[Records from a dataset]
Content starts

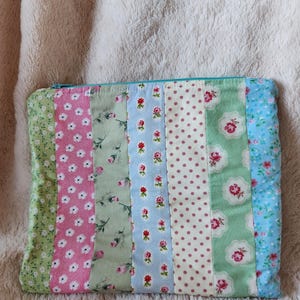 May include: A patchwork zipped pouch featuring vertical fabric strips in floral patterns and colours, including pink, green, and blue. The pouch has a teal zip and is likely handmade.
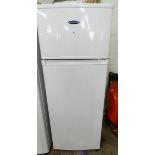 An ice King fridge freezer with small freezer compartment on top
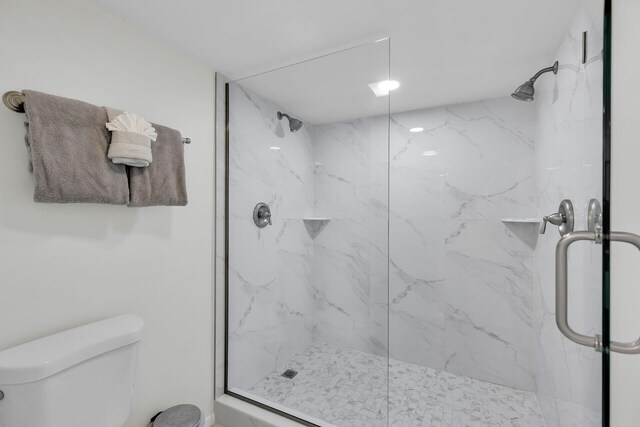 bathroom featuring toilet and a marble finish shower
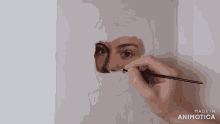 a person is painting a woman 's face with a brush and the words made in animatica on the bottom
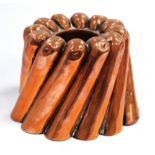 Victorian copper jelly mould of spiral circular form, unmarked, 10cm high.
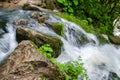 Beautiful wallpaper milk waterfall flow rapid stream. Caucasus rocky mountain river in forest. Isichenko waterfall, Guamka, Mezmay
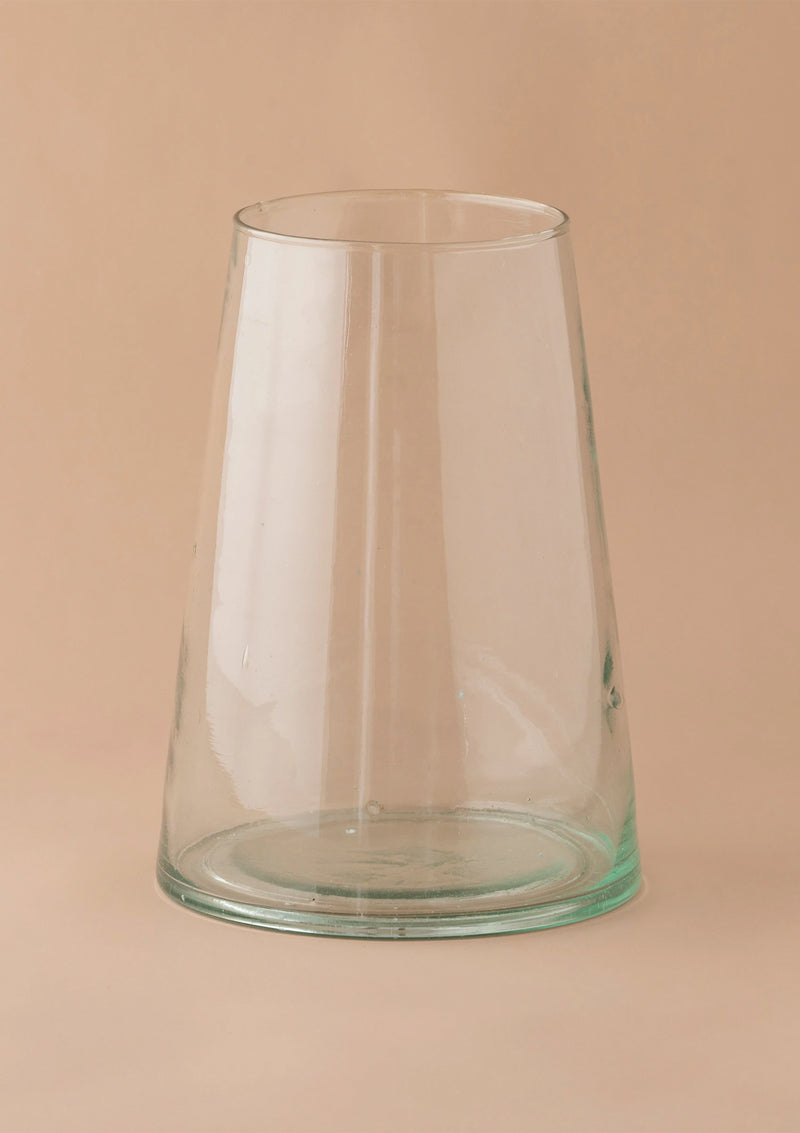 Simple and smooth this glass vase is the perfect modern vase to add greenery or flowers to a home.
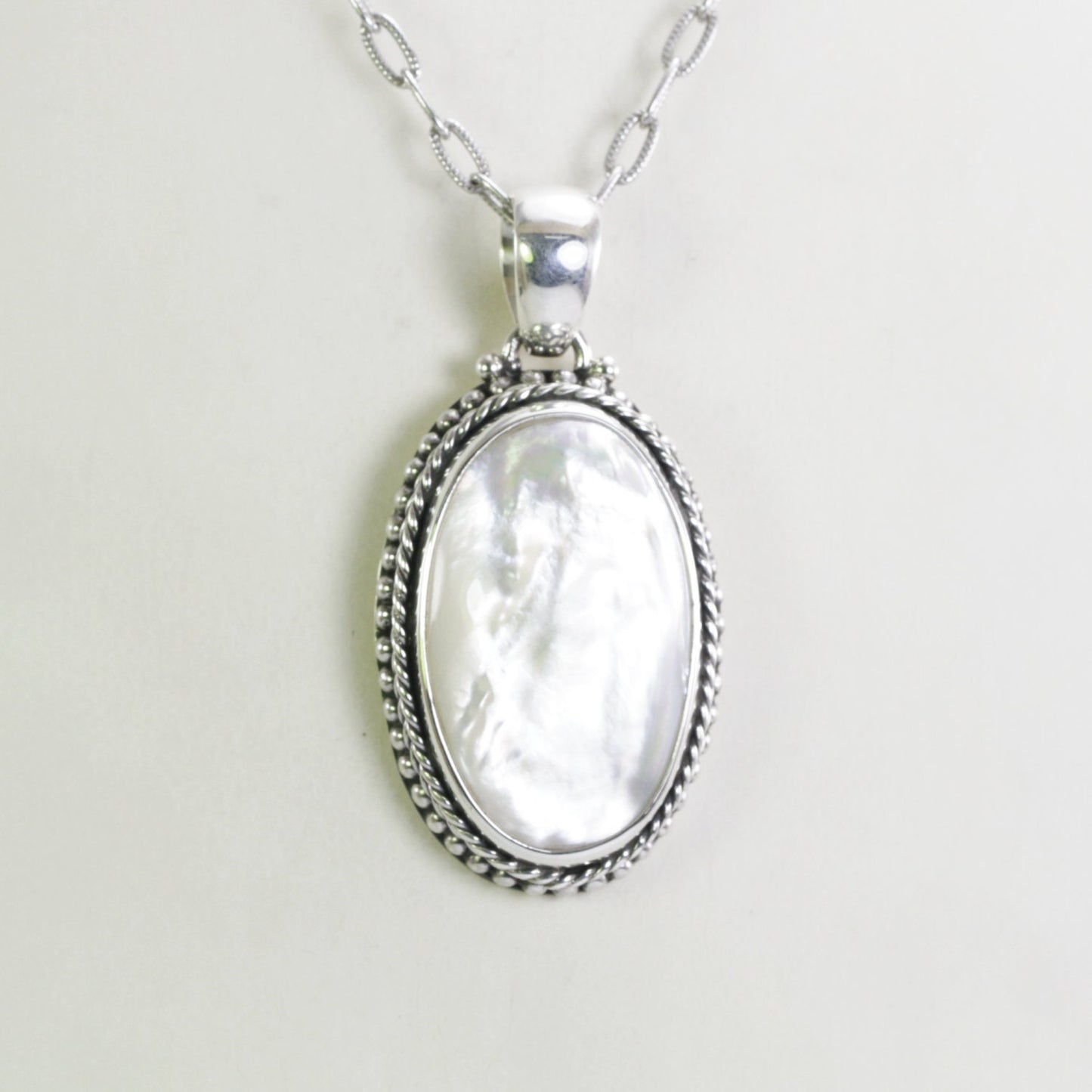 mother of pearl pendant necklace 26*16 mm width set in handmade 925 sterling silver decorated with cable and dot edge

Content ends

**BRIEF**.
In the records, the line containing "Victorian copper jelly" starts the span and the final line ends it. Output exactly that span, both ends included, with no pictures and nothing else.

**OUTPUT BELOW**.
 Victorian copper jelly mould of spiral circular form, unmarked, 10cm high.
 Beautiful wallpaper milk waterfall flow rapid stream. Caucasus rocky mountain river in forest. Isichenko waterfall, Guamka, Mezmay
 Simple and smooth this glass vase is the perfect modern vase to add greenery or flowers to a home.
 mother of pearl pendant necklace 26*16 mm width set in handmade 925 sterling silver decorated with cable and dot edge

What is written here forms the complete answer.